Perhaps you could use some expression like "insurrection against the heavenly throne". But if there was a single word for it, some author would surely have used it already to describe Lucifer's rebellion.
"Deicide" could apply to the outcome of a successful attempt, and by analogy with regicide we might seek a "regi-" word that applies to an attempt to overthrow a king. If one existed, we could apply "dei-" to it. But I don't think there is one.
There are words like "mutiny", "rebellion", "revolt", "uprising" and so forth, but these apply to an action against any dictator or feudal overlord. There is no evident way to append a prefix to these to make them apply specifically to a king. And if we can't coin a single word for the far more common case involving a king, then it is hard to imagine that such a word exists for the much more specialized case involving a god.
Edit: by analogy with lèse majesté, you might coin a phrase like lèse divinité or lèse déité.

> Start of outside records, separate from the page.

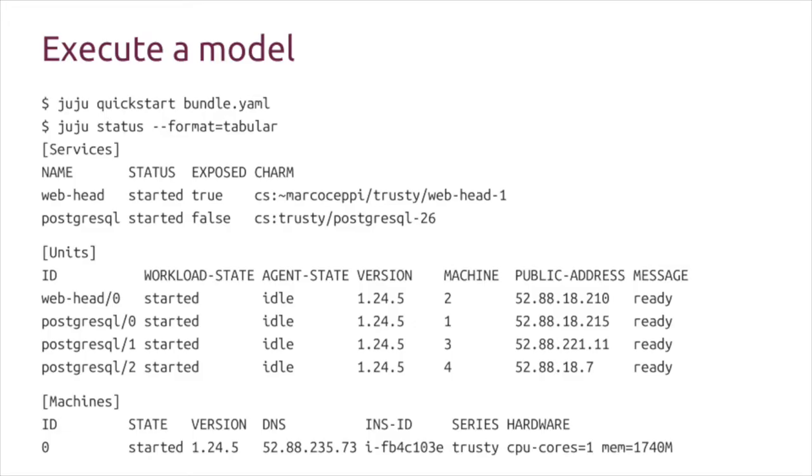These are the relations I've defined in Juju. My Postgres interface is called database for my service. Postgres calls it DB in here. When I execute this model, Juju will know exactly how I want these services to communicate with each other, and then the model and the charms take care of the rest of the execution for me. This is what that looks like at the end of the day.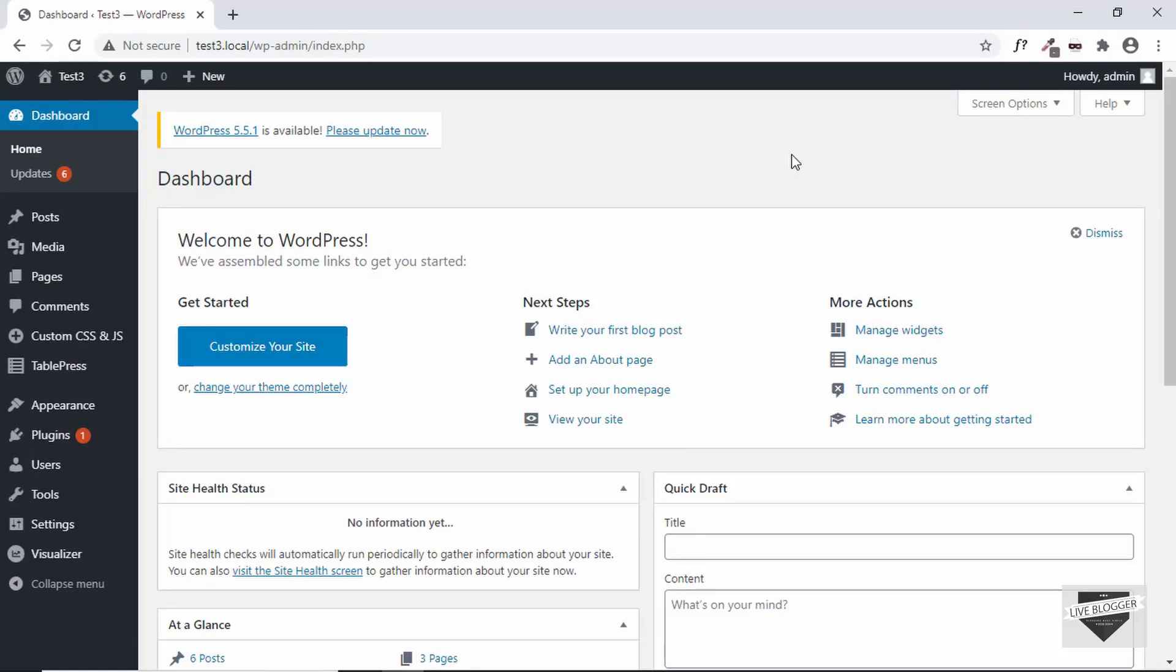Hi everybody, welcome to Live Blogger. In this video I'll show you how to display code, that is lines of code of a programming language, in a WordPress post. So let's get started.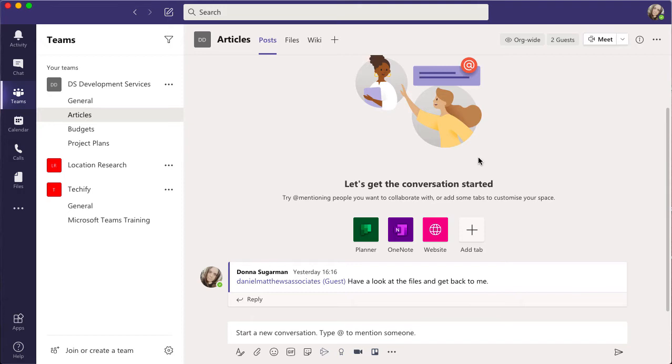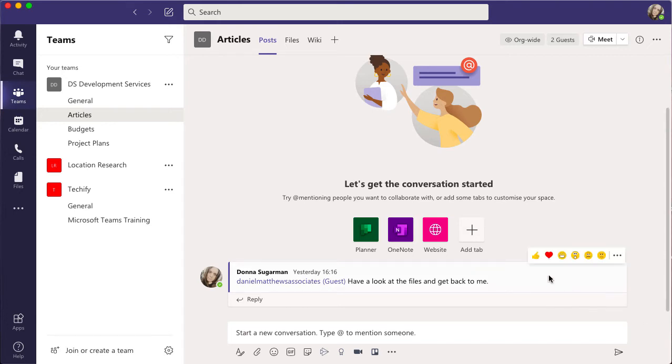You can obviously only do this to messages that you have sent. No one can edit or delete your messages, and you can't edit or delete theirs. So if you send a message incorrectly or you've got a spelling mistake in there...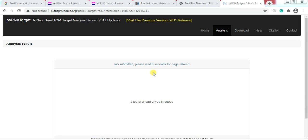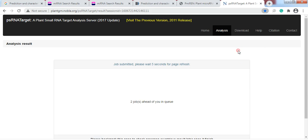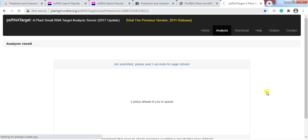When this process is ongoing, it is better to bookmark the page and come back after some time. When you return, the analysis will be done.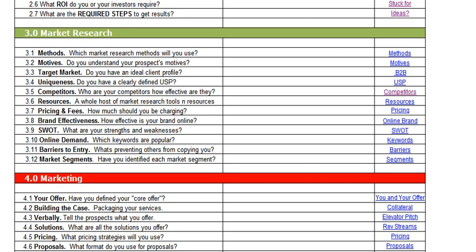Have you created a unique selling proposition, or USP? Have you defined exactly what makes you different from your competitors, and do you know who your competitors are and how effective they are? Do you know how much you should be charging and why, and how effective is your brand online?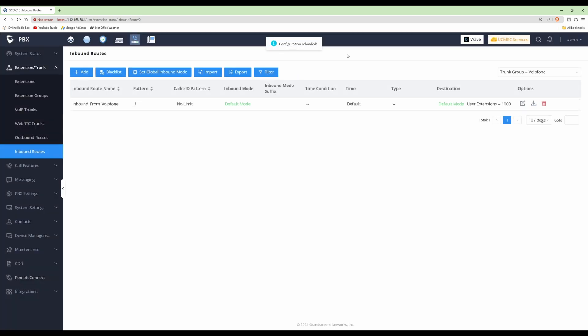Now I'll dial the VoIP Phone telephone number from another phone to test the inbound route — and as you can hear, the WP816 did ring for the incoming call.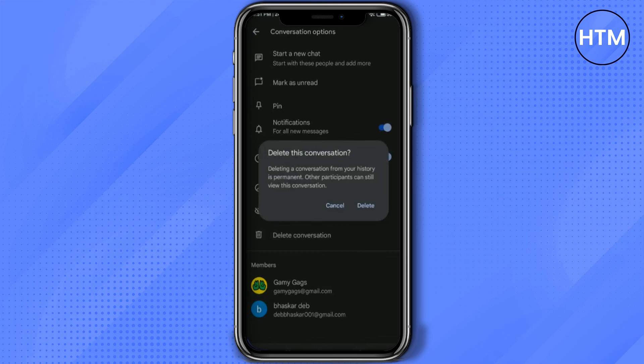But remember this: if you click on delete conversation, not only a single chat but every single chat that you had with that particular individual will be deleted, meaning the entire conversation history will be wiped out clean.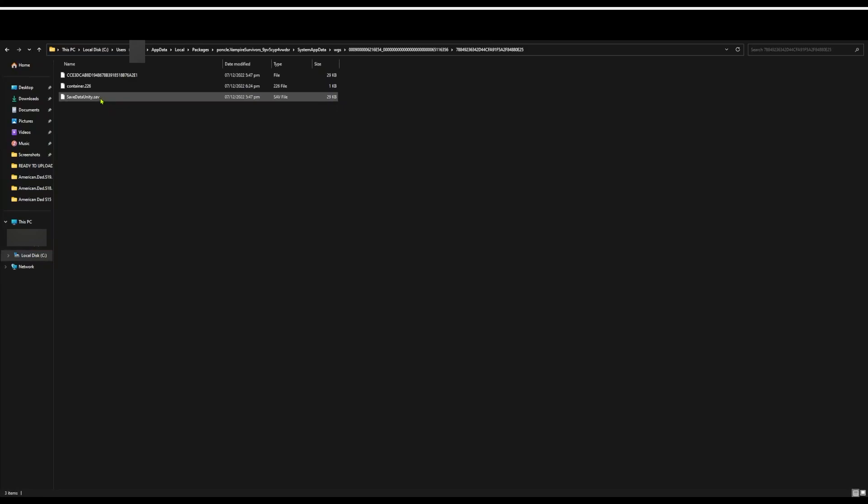This is the file that you're going to take and transfer. Now all you have to do is transfer it to the save location on your mobile device that I showed before, and you're good to go.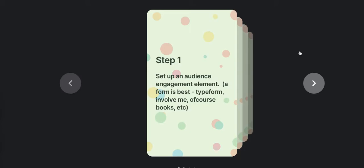And the form can be like a Typeform or Involve.me, which is a platform that allows you to intake questions from your audience, from your members, from your clients. And something like Of Course Books I use as well. Of Course Books is a workbook piece of software that allows you to ask your members or audience questions and they can answer them on the form.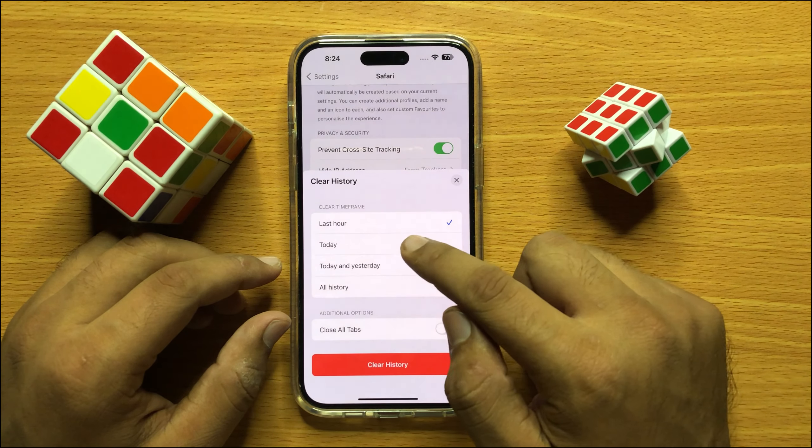Now it will show you options if you want to delete older history and data. It will also give you the option to delete today's history, today and yesterday, and all history. So choose one of these options based on what you want to do, and then click on Clear History. It will clear your history and data in Safari. I hope you liked the video. Thanks for watching.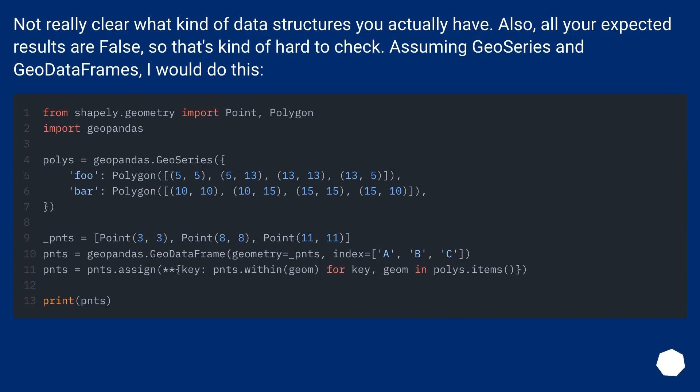Not really clear what kind of data structures you actually have. Also, all your expected results are false, so that's kind of hard to check. Assuming GeoSeries and GeoDataFrames, I would do this.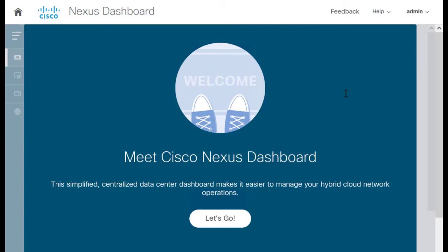With this, Cisco Nexus Dashboard deployment and installation is complete and is now ready for deployment of Cisco Nexus Dashboard Fabric Controller application on top of it. Thank you.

If the subject is rebelling against his religious beliefs (e.g. his god's directives), then you could use the word heresy. In other words, the subject is a heretic. However, I just noticed you already rejected apostasy because you want to focus on a physical attack.
In Greek mythology, the Titans were a race of giants who fought with the Olympian gods. In that spirit, you could say your subject fought a "titanic battle" against a god, though the average reader wouldn't understand the significance of the word titanic.
Other words that come to mind include hubris (the perhaps foolish idea that one could beat a god) and heroism. You're describing a David and Goliath struggle but on a much higher level.
(Law) the crime committed if a person insults, offends, or vilifies the deity, Christ, or the Christian religion.
: open or bold resistance to or disregard for authority, opposition, or power.
A huge and powerful warrior-king who virtually embodies defiance against his highest god, Capaneus is an exemplary blasphemer--with blasphemy understood as direct violence against God. Still, it is striking that Dante selects a pagan character to represent one of the few specifically religious sins punished in hell.
I found a word that works well for the particular context in my writing: Treason
- the offense of acting to overthrow one's government or to harm or kill its sovereign.
- a violation of allegiance to one's sovereign or to one's state.
- the betrayal of a trust or confidence; breach of faith; treachery.
Although there is nothing explicitly god-related in this, the things regarding "sovereign" seems appropriate for offense against a god. Beside, the word "treason" almost always have negative connotation, which would be appropriate when the action is described by those who believe in the god.